In an embodiment, after the surface treatment of the hollow metal pipe 110 with hydrogen (if performed), the hollow metal pipe 110 may be placed in a chamber with near vacuum (such as: less than or approximately equal to 0.1 Torr; or, less than or approximately equal to 0.05 Torr; or, less than or approximately equal to 0.01 Torr). In this way, the coating of hydrogen molecules on the surface of the hollow metal pipe 110 can be reduced through the outgassing phenomenon, which allows the subsequent anti-oxidized thin film 130 to have better contact and blanket coverage with the treated surface of the hollow metal pipe 110, and/or can reduce the possibility of hydrogen embrittlement.
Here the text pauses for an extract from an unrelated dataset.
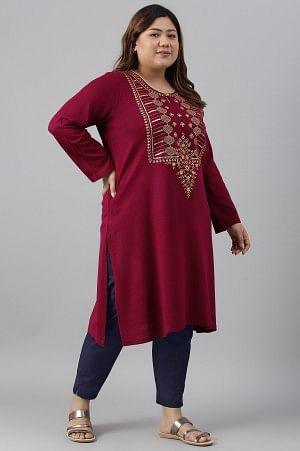 Pink Zari Embroidered Winter Plus Size kurta - wforwoman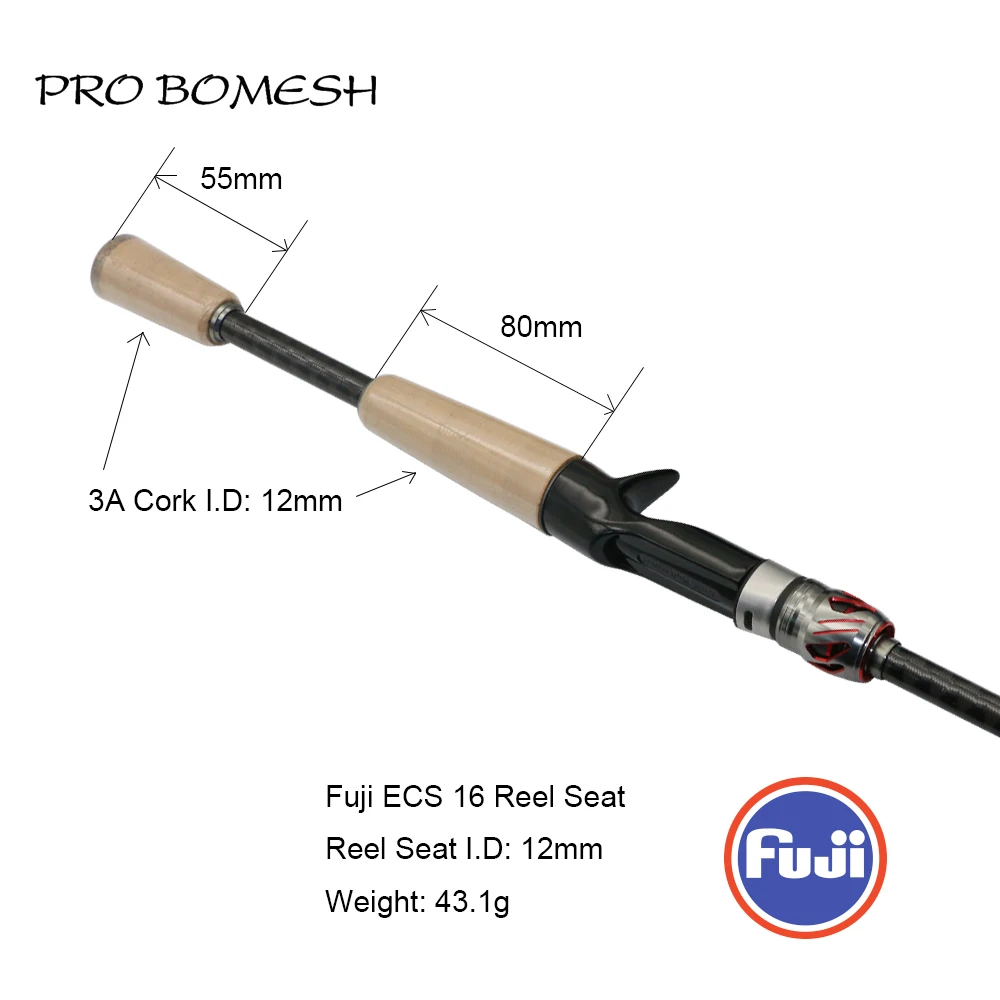Pro Bomesh 1 Set Fuji ECS Reel Seat 3A Cork Grip Casting Handle Kit DIY  Lure Fishing Rod Building Components Accessory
In an embodiment, when placing the hollow metal pipe 110 in the chamber with the low pressure, the hollow metal pipe 110 may be appropriately heated (such as: greater than or approximately equal to 200° C.; or, 200° C. to 700° C.; or, 200° C. to 500° C.) to improve the outgassing efficiency and can still reduce the possibility of hydrogen embrittlement.

In an embodiment, after the post-cleaning process (if performed) of the hollow metal pipe 110 and/or the surface treatment (if performed) with hydrogen gas of the hollow metal pipe 110, a low-pressure chemical vapor deposition process is performed to form the anti-oxidized thin film 130 on the inner surface of the hollow metal pipe 110. In an embodiment, before performing the low-pressure chemical vapor deposition process, the process chamber has to be evacuated first so that the pressure in the process chamber is less than 1.0×10−2 Torr (for example, 6.0×10−3 Torr).
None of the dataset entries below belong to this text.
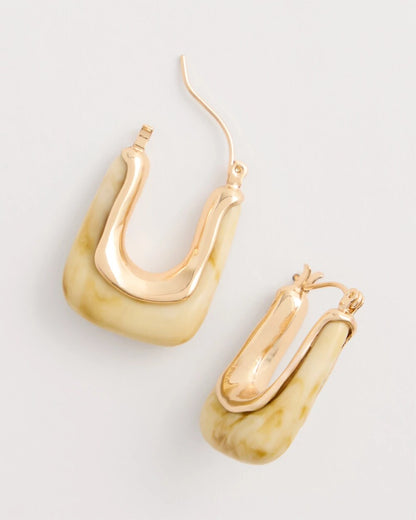 Chico's Discount | Neutral Goldtone Square Hoop Earrings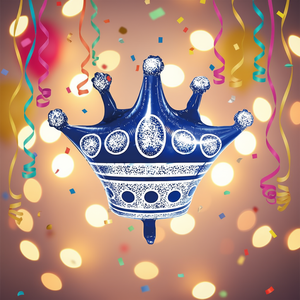 Globo Corona Azul de 76 cm, Decoración para Fiestas, Globo de Aluminio con Forma de Corona - Product Image 3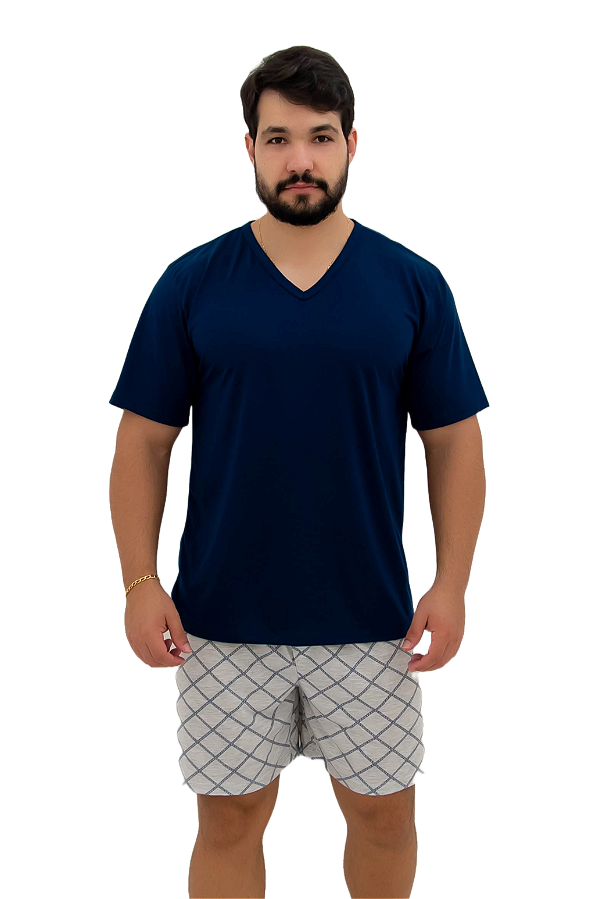 Pijama masculino decote V short corda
In an embodiment, air may be extracted directly from at least an end of the hollow metal pipe 110 (other ends may be temporarily closed in an appropriate manner) to allow outgassing from the inner surface of the hollow metal pipe 110.
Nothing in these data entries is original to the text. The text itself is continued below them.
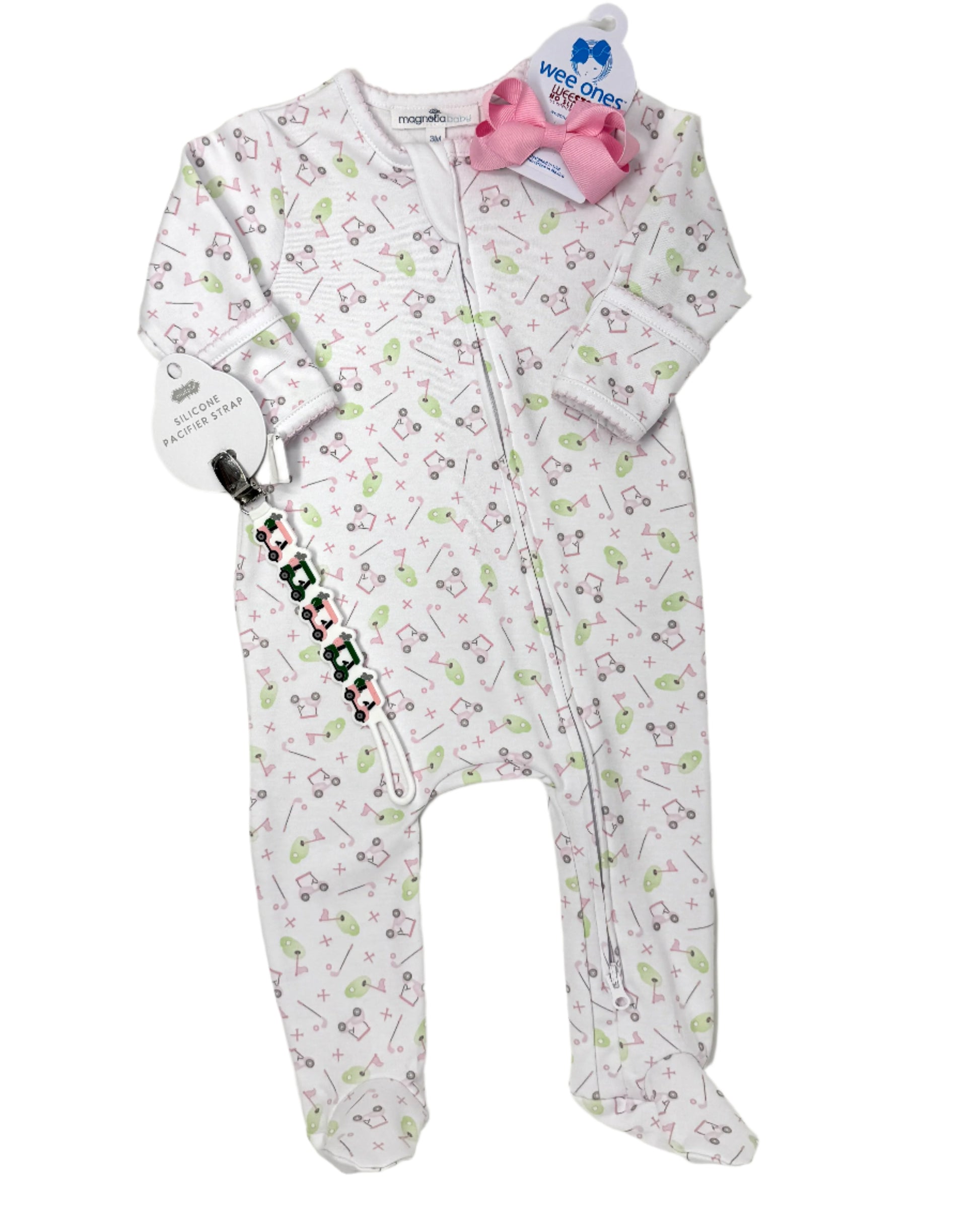 Pink Printed Tee Time Zipper Footie Baby Sleepwear Magnolia Baby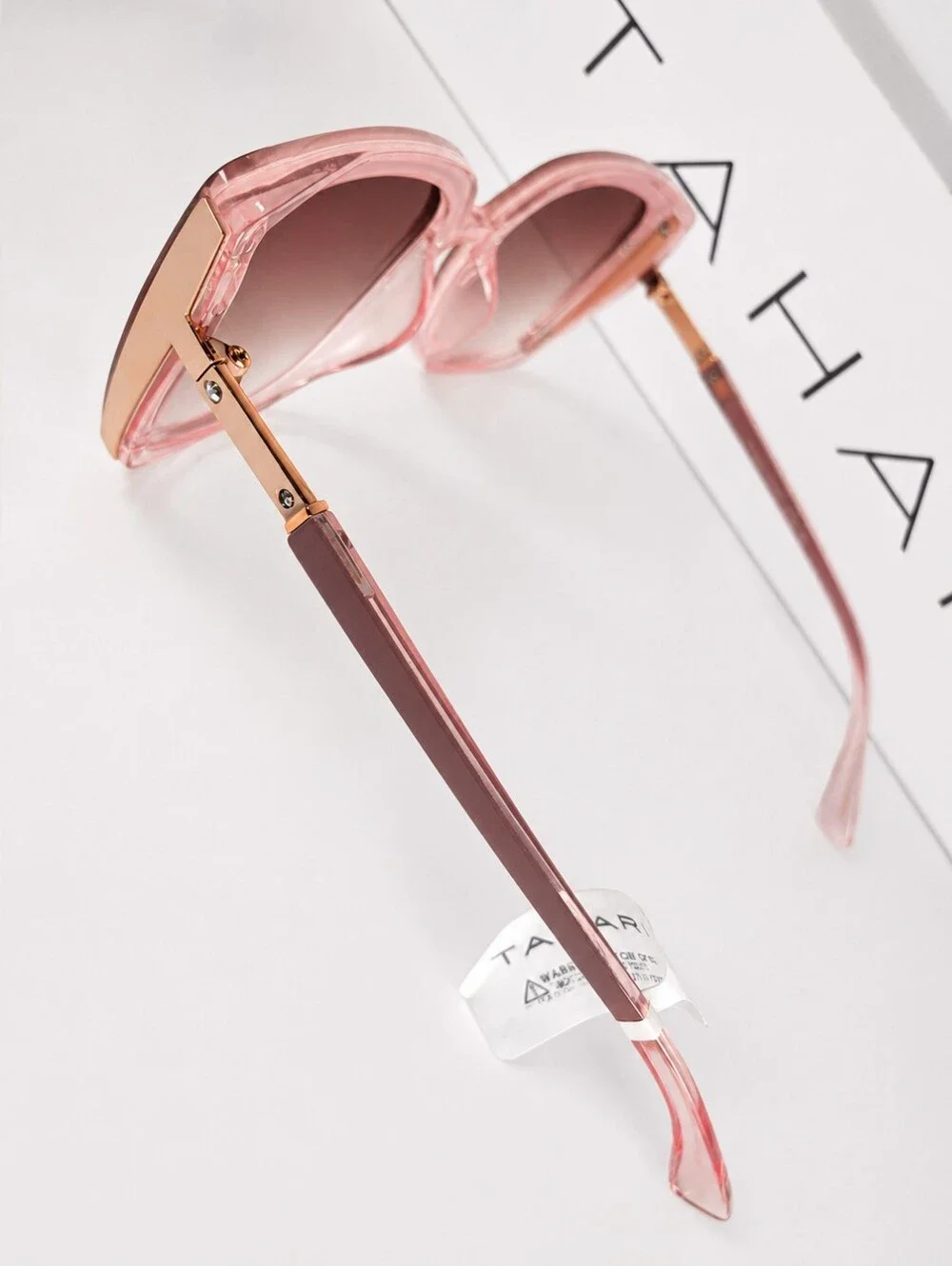 Tahari Contemporary Luxury Oversized Pink Rose Gold Ombre Sunglasses NWT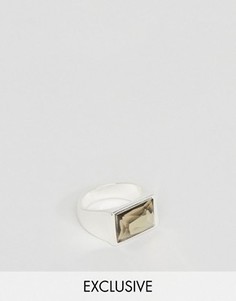 Кольцо с черным камнем DesignB London - Серебряный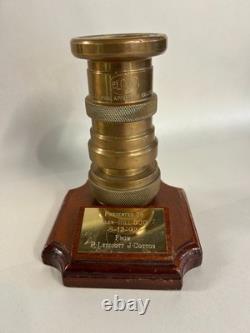 Vintage Brass Fire Hose Nozzle Presentation Mounted ELGON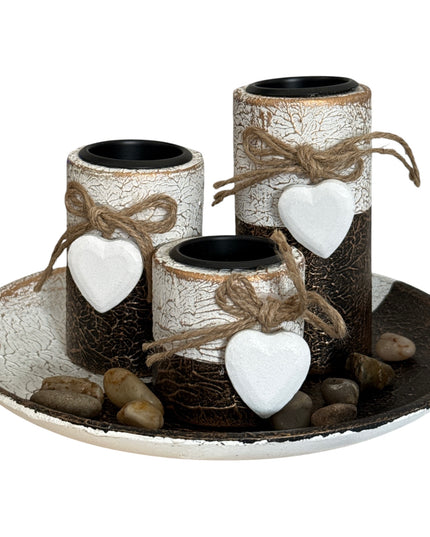 Suport pentru lumânare 3/set cu pietre decorative ,21x12cm,cod1135-9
Referring to FIG. 1 and FIG. 3, coating (that is, Step S35) with the anti-oxidized thin film (for example, the same or similar to the anti-oxidized thin film 130 in FIG. 1) is performed on the hollow metal pipe (for example, the same or similar to the hollow metal pipe 110 in FIG. 1).

In an embodiment in which the anti-oxidized thin film 130 is hydrogenated amorphous silicon, during the low-pressure chemical vapor deposition, the process chamber is first heated to the reaction temperature. Then, a mixed gas of silane (Si_nH_2n+2) (such as monosilane (SiH₄) or disilane (Si₂H₆)) and hydrogen is introduced into the process chamber for chemical vapor deposition. In an embodiment, based on the volume of hydrogen in the mixed gas being 100 vol %, the volume of silane (Si_nH_2n+2) (such as monosilane (SiH₄)) is approximately in a range of 40 vol % to 60 vol %. The anti-oxidized thin film 130 fabricated using the mixed gas ratio can exhibit fewer defects. If the relative concentration of hydrogen is too high, then the coated hollow metal pipe 110 may suffer a phenomenon similar to hydrogen embrittlement; and/or the coating rate may be reduced. If the relative concentration of hydrogen is too low, then the crystallinity may increase.

In an embodiment, the reaction temperature is approximately in a range of 420° C. to 600° C., preferably approximately in a range of 500° C. to 600° C. Utilizing the reaction temperature allows for a more complete reaction, so as to produce an anti-oxidized thin film with low crystallinity and reduce the possibility of producing a film with high crystallinity.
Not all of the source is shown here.